With that approach we use a shared persistent data structure that expresses its relationships between dependent and dependency data explicitly and that is known by all subsystems.

In the simplest case, a lease from a dependent data record of a dependency data record holds:

  1. The dependent data record key and a unique domain type identifier for which that key is valid.
    No other present or future domain use of that identifier should be possible.
  2. Likewise the dependency data record key with a corresponding domain type identifier,

( <dependent type>, <dependent key>, <dependency type>, <dependency key>)

In our example this could be something like this:

( “inspection.schedule”, “11ed12f2-8c94-41a7-9143-8d4ff6070f”, “equipment.equipment”, “c5f92006-dc40-41aa-97d0-3ae709b4aca6”)

In other words: From a database perspective, the lease is simply a shared join table structure that is annotated with additional meta-information on “what” is being talked about.

While updating lease information is delegated to a shared service in order to provide additional handling for one-to-many, many-to-one, or many-to-many relationships, cleanup and generic check methods, from a read-access perspective, the principles of Modularization And Data Relationships can be applied in full and the table structure should indeed be used as a join structure establishing the actual relationship.

That is, in the example, the health care to equipment relationship is now expressed via the data lease.

Now, if we have this system in place numerous improvements are readily available.

Giving Users a Choice

First of all the equipment application can now trivially determine, if there are dependent data sets, how many, and of what kind (via the additional domain type identifier).

Based on that information the equipment application could offer choice to users before applying an update.

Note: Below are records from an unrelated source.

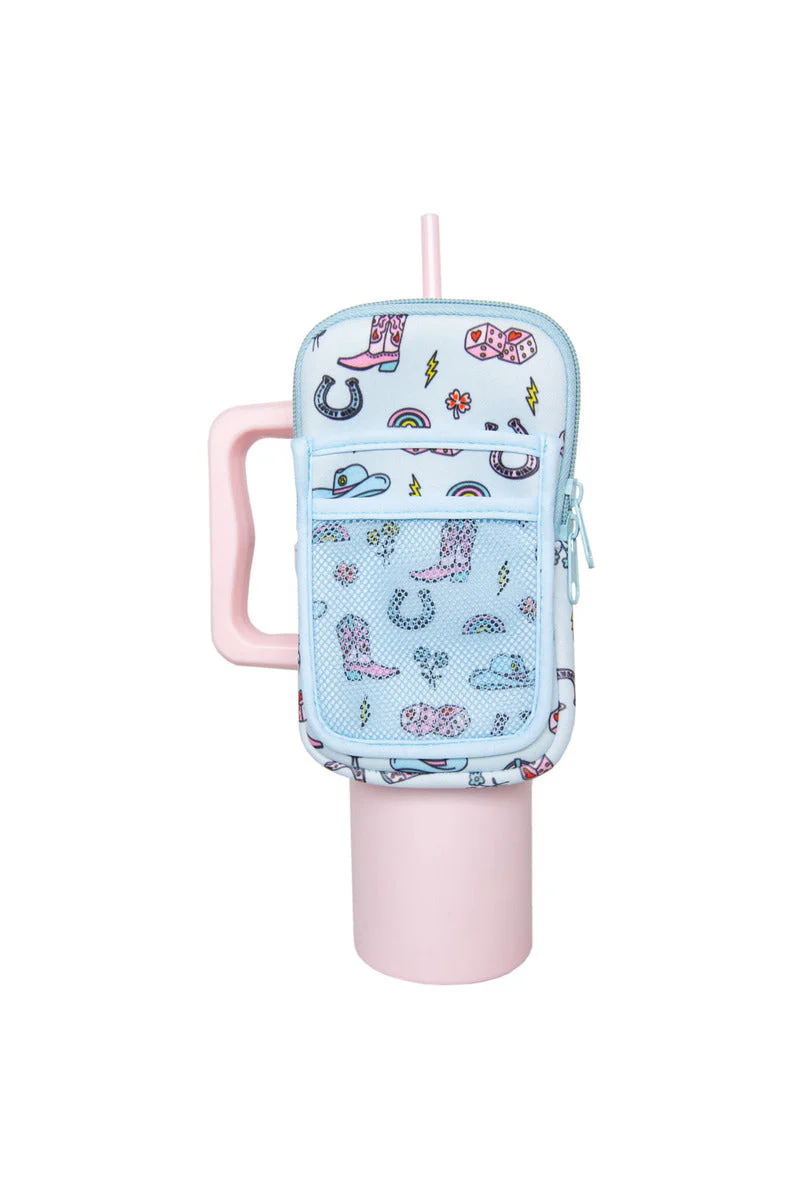 Lucky Girl Western Tumbler Zipper Pouch Bag - Image 2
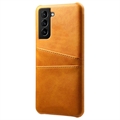 Samsung Galaxy S22 5G KSQ Belagt Plast Deksel med Kortlommer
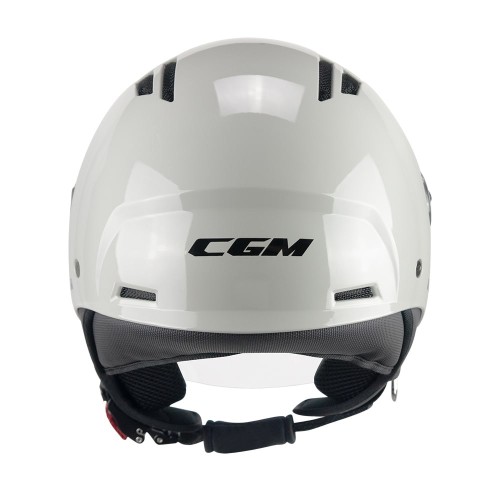 Casco jet CGM 116 AIR blanco roto brillo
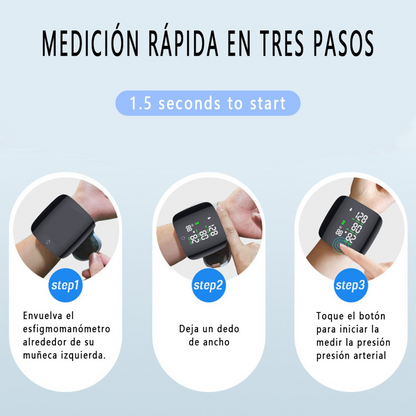 💖🩺 ¡CUÍDATE Y PROTEGE A QUIENES AMAS! 📢✅ MONITOR DE PRESIÓN CON VOZ Y USB 🔋
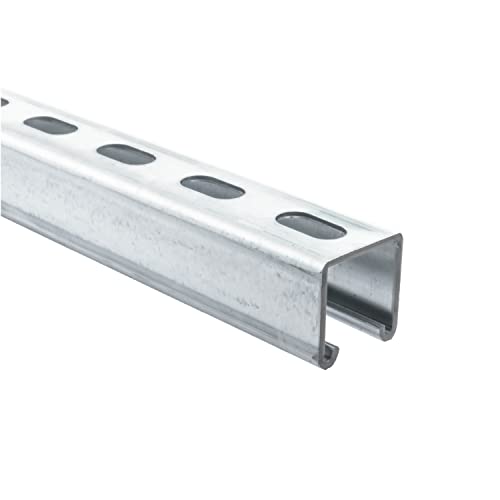 Genuine UNISTRUT P1000T 1-5/8' 12 Gauge Metal Strut Channel, Slotted Back, Pre-Galvanized Zinc 5 Foot Length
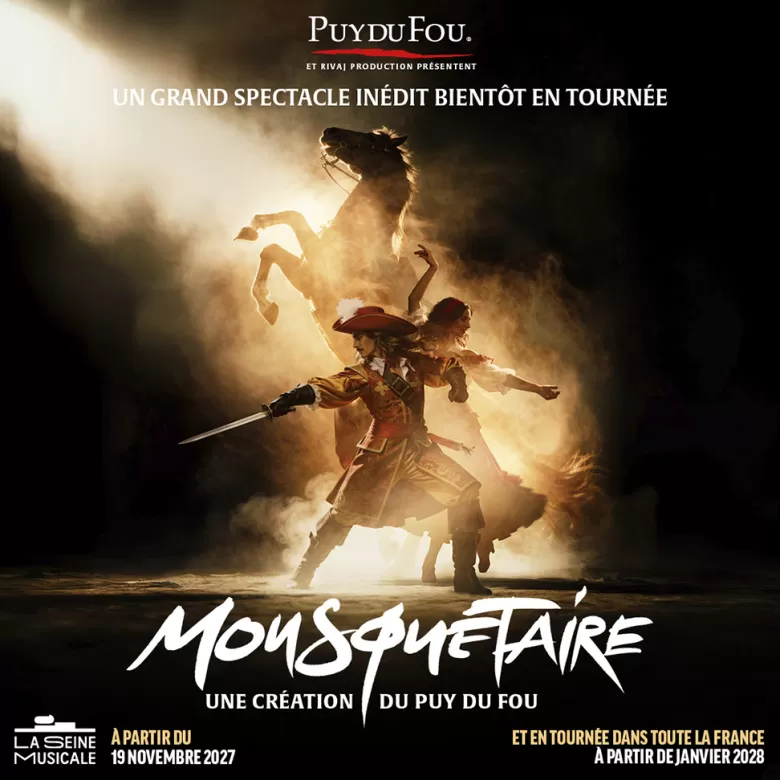 L'affiche du Puy du Fou part en tournée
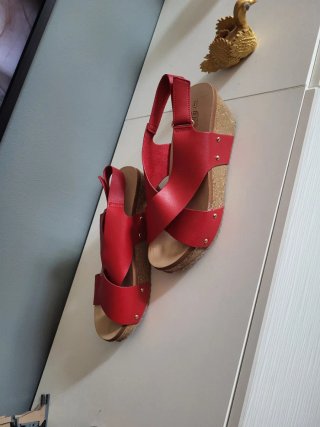 Sandalias plataforma rojas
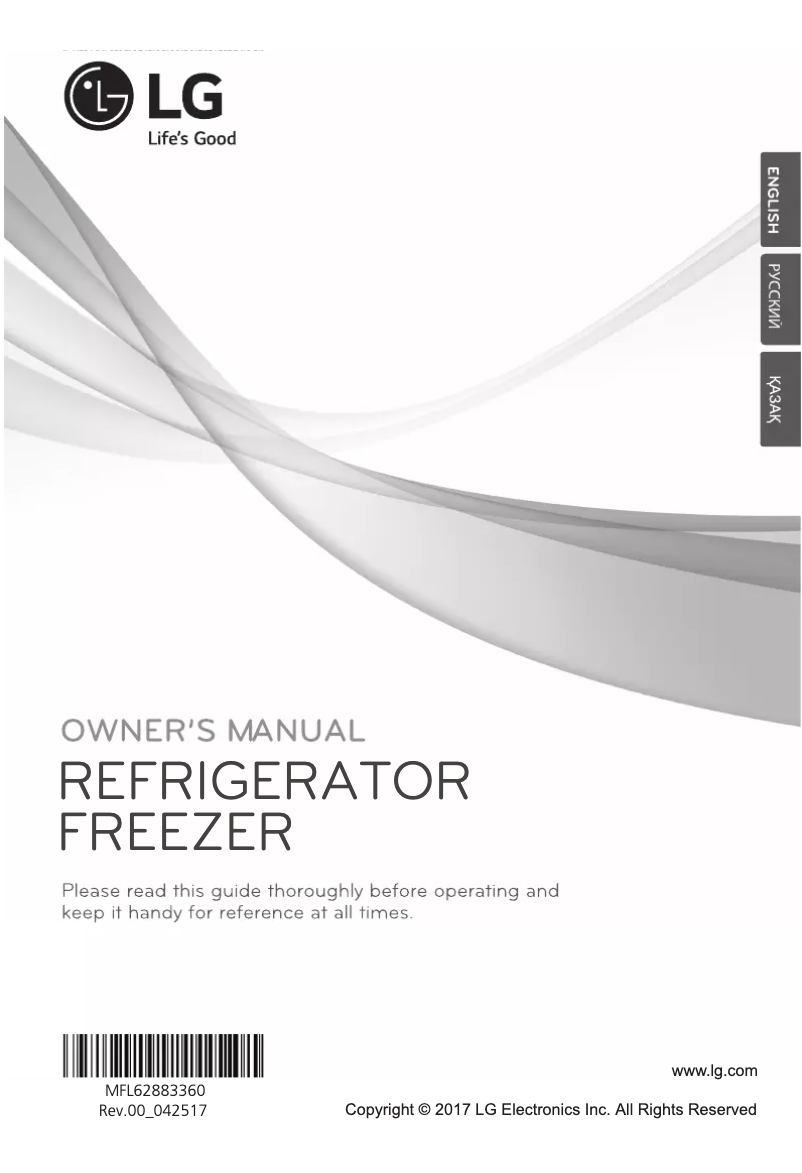 Page 1 de la notice Manuel utilisateur LG GC-B303SEHV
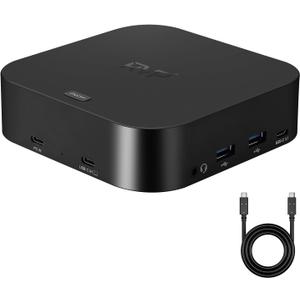 Laptop Docking Station Dual Monitor by RVP+, 13-in-1 Mac Triple Monitor USB Dock with 4K HDMI Display, Computer Dock 5Gbps USB-C/A Ports, 10-1000Mbps (082321)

For example, upon a request for deletion, the application may inform the user that the piece of equipment is still referenced by dependent data and refuse the deletion.

For updates this does however not remove the need for understanding the implications on dependent data.

The approach becomes most useful if we pair it up with an extension point approach, in which the domain type identification proposed above is used to look up implementations of callback interfaces provided by the extension modules of the subsystem owning the dependent data.

Giving Power to the Extension

Once we can generically identify the owner of the lease, we can pass on some decision support to the dependent subsystem. In particular: Upon deletion or update, the dependent subsystem may be made aware and analyze exactly what the implications would be.

We can remove all needs for lazy responses to changes of dependency data by involving the dependent subsystem in the update processing in terms of validating the update and eventually handling the update.

In our example, a change to equipment type would be validated by the inspection application. The type change may be unacceptable upon which the user should be informed that deletion is not possible or that the update would disable an inspection schedule. Or, in some other cases the user would be told that it is OK to proceed, but that some settings of dependent inspection data would be altered automatically.

Similarly, a deletion of an equipment record may be rejected, or the user be told that all related inspection data would also be deleted as a consequence.

In any case: Inspection data would be consistent and no lazy checks required anymore.

There is still much to be defined for the specific software system of course. Enjoy designing!